Schauspieler*innen sind Experten beim Thema soziale Einsamkeitsgefühle, und sollten mit Ausnahmesituationen wie Isolationen und Quarantäne z.B. während einer Pandemie eigentlich recht gut zurecht kommen. Sollten. Jetzt ist aber der Beruf an sich bedroht – und das legt nochmal “eine Schippe an Härten” drauf. Das gesamte berufliche Umfeld, die “Branche” wackelt. Warum ich dennoch zuversichtlich bin, dass darstellende Künstler*innen prädestiniert sind, solche Situation meistern zu können, möchte ich im Folgenden erläutern. Ich habe es schon angedeutet: In diesem Beruf wird man zum “Meister der seelischen Ausnahmesituationen”. Um einen Menschen in emotionalen und physischen Extremsituationen darstellen zu können, gehen Darsteller*innen oft an, zum Teil sogar über ihre eigenen seelischen und körperlichen Grenzen. Das macht ihre Kunst so faszinierend für Zuschauer, aber auch oft so gefährlich für die Ausübenden. Schauspielerei gleicht oft genug einem Hochseilakt, Absturzmöglichkeit inbegriffen.

Geschützter Raum

Die ganze Welt ist Bühne und alle Männer und Frauen sind nur Spieler

William Shakespeare (Wie es Euch gefällt)

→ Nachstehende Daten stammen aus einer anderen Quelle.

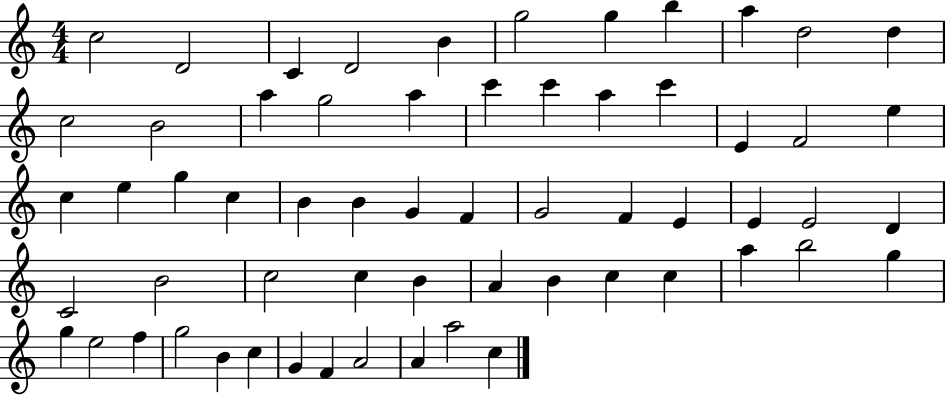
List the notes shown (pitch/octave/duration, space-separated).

C5/h D4/h C4/q D4/h B4/q G5/h G5/q B5/q A5/q D5/h D5/q C5/h B4/h A5/q G5/h A5/q C6/q C6/q A5/q C6/q E4/q F4/h E5/q C5/q E5/q G5/q C5/q B4/q B4/q G4/q F4/q G4/h F4/q E4/q E4/q E4/h D4/q C4/h B4/h C5/h C5/q B4/q A4/q B4/q C5/q C5/q A5/q B5/h G5/q G5/q E5/h F5/q G5/h B4/q C5/q G4/q F4/q A4/h A4/q A5/h C5/q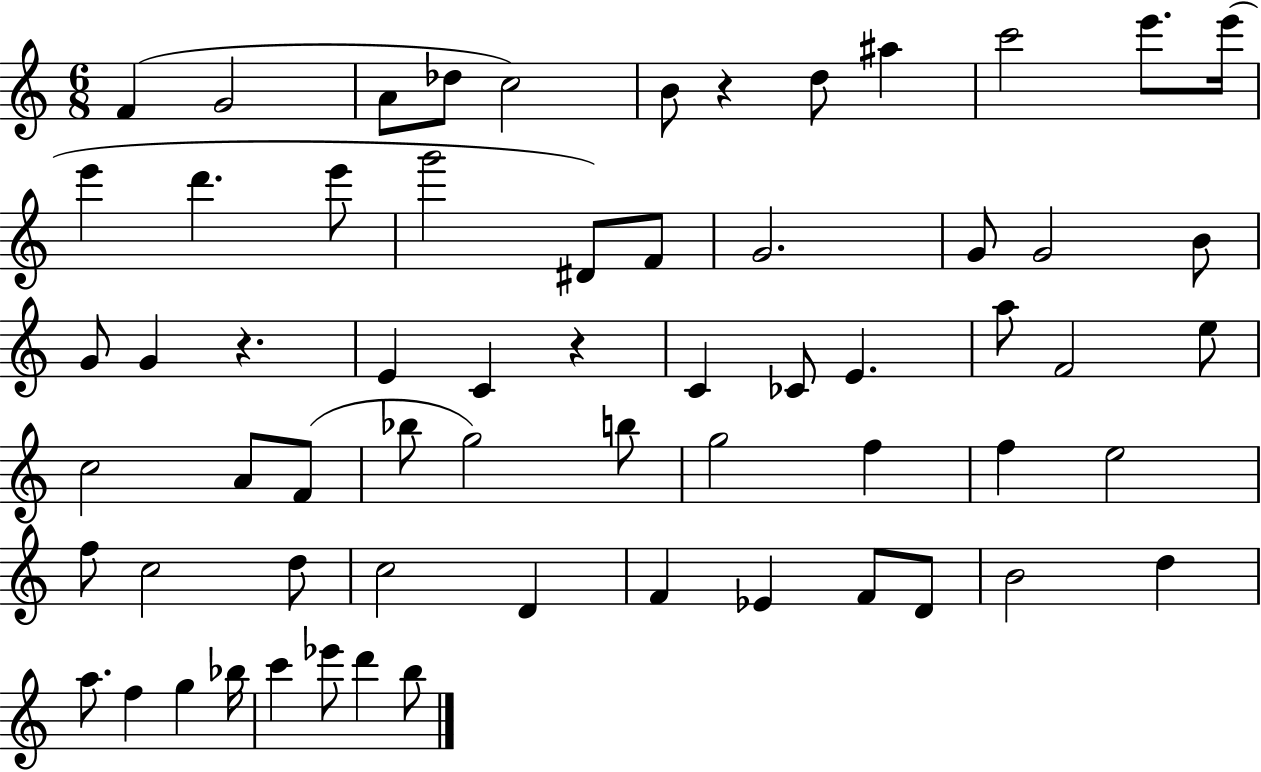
{
  \clef treble
  \numericTimeSignature
  \time 6/8
  \key c \major
  \repeat volta 2 { f'4( g'2 | a'8 des''8 c''2) | b'8 r4 d''8 ais''4 | c'''2 e'''8. e'''16( | \break e'''4 d'''4. e'''8 | g'''2 dis'8) f'8 | g'2. | g'8 g'2 b'8 | \break g'8 g'4 r4. | e'4 c'4 r4 | c'4 ces'8 e'4. | a''8 f'2 e''8 | \break c''2 a'8 f'8( | bes''8 g''2) b''8 | g''2 f''4 | f''4 e''2 | \break f''8 c''2 d''8 | c''2 d'4 | f'4 ees'4 f'8 d'8 | b'2 d''4 | \break a''8. f''4 g''4 bes''16 | c'''4 ees'''8 d'''4 b''8 | } \bar "|."
}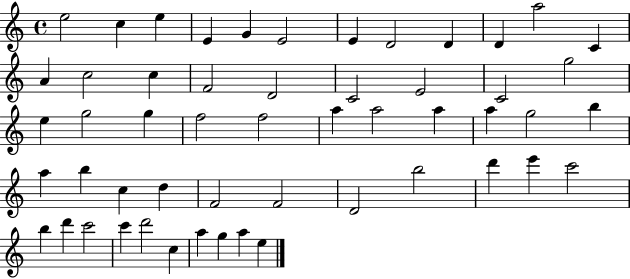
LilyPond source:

{
  \clef treble
  \time 4/4
  \defaultTimeSignature
  \key c \major
  e''2 c''4 e''4 | e'4 g'4 e'2 | e'4 d'2 d'4 | d'4 a''2 c'4 | \break a'4 c''2 c''4 | f'2 d'2 | c'2 e'2 | c'2 g''2 | \break e''4 g''2 g''4 | f''2 f''2 | a''4 a''2 a''4 | a''4 g''2 b''4 | \break a''4 b''4 c''4 d''4 | f'2 f'2 | d'2 b''2 | d'''4 e'''4 c'''2 | \break b''4 d'''4 c'''2 | c'''4 d'''2 c''4 | a''4 g''4 a''4 e''4 | \bar "|."
}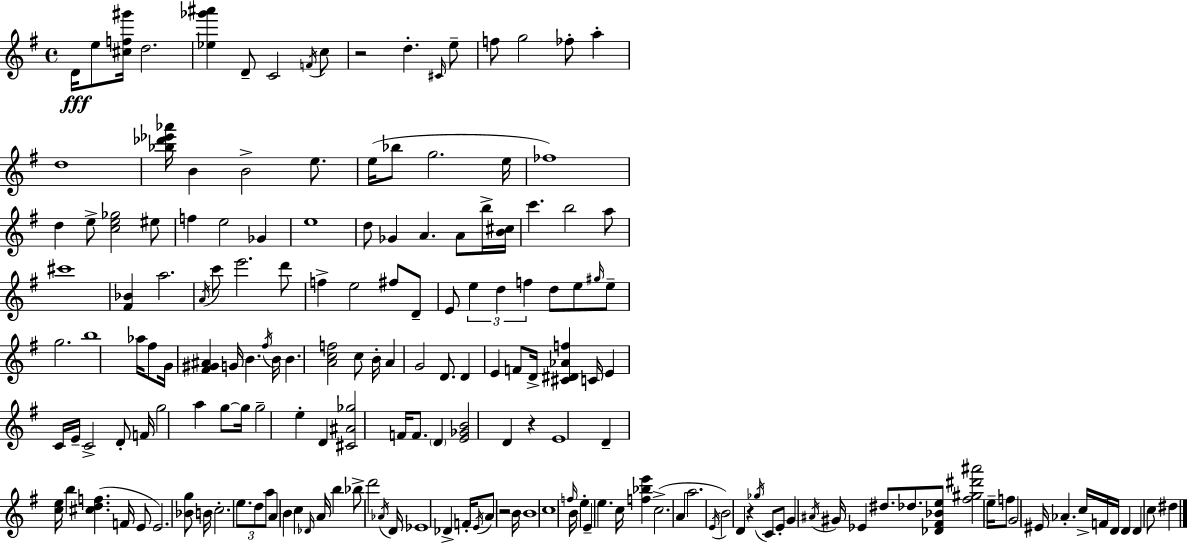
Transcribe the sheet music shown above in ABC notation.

X:1
T:Untitled
M:4/4
L:1/4
K:Em
D/4 e/2 [^cf^g']/4 d2 [_e_g'^a'] D/2 C2 F/4 c/2 z2 d ^C/4 e/2 f/2 g2 _f/2 a d4 [_b_d'_e'_a']/4 B B2 e/2 e/4 _b/2 g2 e/4 _f4 d e/2 [ce_g]2 ^e/2 f e2 _G e4 d/2 _G A A/2 b/4 [B^c]/4 c' b2 a/2 ^c'4 [^F_B] a2 A/4 c'/2 e'2 d'/2 f e2 ^f/2 D/2 E/2 e d f d/2 e/2 ^g/4 e/2 g2 b4 _a/4 ^f/2 G/4 [^F^G^A] G/4 B ^f/4 B/4 B [Acf]2 c/2 B/4 A G2 D/2 D E F/2 D/4 [^C^D_Af] C/4 E C/4 E/4 C2 D/2 F/4 g2 a g/2 g/4 g2 e D [^C^A_g]2 F/4 F/2 D [E_GB]2 D z E4 D [ce]/4 b [^cdf] F/4 E/2 E2 [_Bg]/2 B/4 c2 e/2 d/2 a/2 A B c _D/4 A/4 b _b/2 d'2 _A/4 D/4 _E4 _D F/4 E/4 A/2 z2 B/4 B4 c4 f/4 B/4 e E e c/4 [f_be'] c2 A a2 E/4 B2 D z _g/4 C/2 E/2 G ^A/4 ^G/4 _E ^d/2 _d/2 [_D^F_Be]/2 [^f^g^d'^a']2 e/4 f/2 G2 ^E/4 _A c/4 F/4 D/4 D D c/2 ^d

Was uns selber als Schauspieler*innen in der Pandemie schützen könnte – und als “Vorbilder” und /oder “Helfende” für Andere, weniger Geübte, ins Spiel bringt – ist eben diese Übung im “Überleben” von Ausnahmezuständen. Das kann ich mir so vorstellen: Auf der Bühne schützt uns das Spiel ! Bei Allem, was wir Schauspieler*innen an Extremen erleben, wissen wir immer, dass wir uns im geschützten Raum des Theaters oder vor der Kamera befinden. Wir “tun nur so als ob”. Spätestens seit Shakespeares `Zitat “Die ganze Welt ist Bühne” könnte es uns helfen zu wissen, dass auch unser echtes Leben eine Art “Bühne” ist, auf der wir den “Film unseres Lebens spielen”. Und nicht nur, dass wir – wenn es gut läuft – “Erfinder” und “Gestalter” des Drehbuches unseres eigenen Lebens sein können, es könnte sogar spannend sein die Person, die ich bin dabei zu beobachten, wie sie die entsprechende Ausnahmesituation im eigenen Leben meistert. Wäre unser Leben ein Film, und wären wir Zuschauer unseres eigenen Filmes, der unser Leben ist, würden wir es lieben, die Hauptdarsteller*in dabei zu beobachten, wie er/sie durch immer neue Wendungen seines/ihres Schicksals stolpert, sich fängt, kämpft und am Ende wohl möglich siegt, weil er/ sie einfach nicht aufgegeben hat.

Alternative Szenarien

Üben wir das also in unserer freien Zeit. Und helfen wir anderen dabei, die nicht soviel Übung darin haben, mit Konzentration und Vorstellungskraft, sich alternative Szenarien für ihr Leben im Film, der ihr eigenes Leben ist auszudenken, und zwar “Best-Case-Szenarien”, also Szenarien mit gutem Ausgang, und nicht etwa Horrorvorstellungen ! Eine Möglichkeit: Wenn wir uns einsam fühlen, dann können wir noch immer Verabredungen treffen mit dem/der besten Freund*in, die wir haben (sollten): uns selbst ! Kultivieren wir das ! Genießen wir das ! Stellen wir uns zum Beispiel vor, wir wären ein Schriftsteller, der/die sich zum Schreiben eines (Dreh-)Buches vier Wochen oder länger in eine Hütte zurückzieht, in wunderbarer Natur. Es könnte”Big Sur” an der Pazifikküste Kaliforniens sein, oder auch einfach nur die Lüneburger Heide. Okay, wir wären dann nicht Henry Miller, sondern “nur” Hermann Löns, aber die Bilder, die dabei im Kopf entstehen, haben die Mühe schon gelohnt.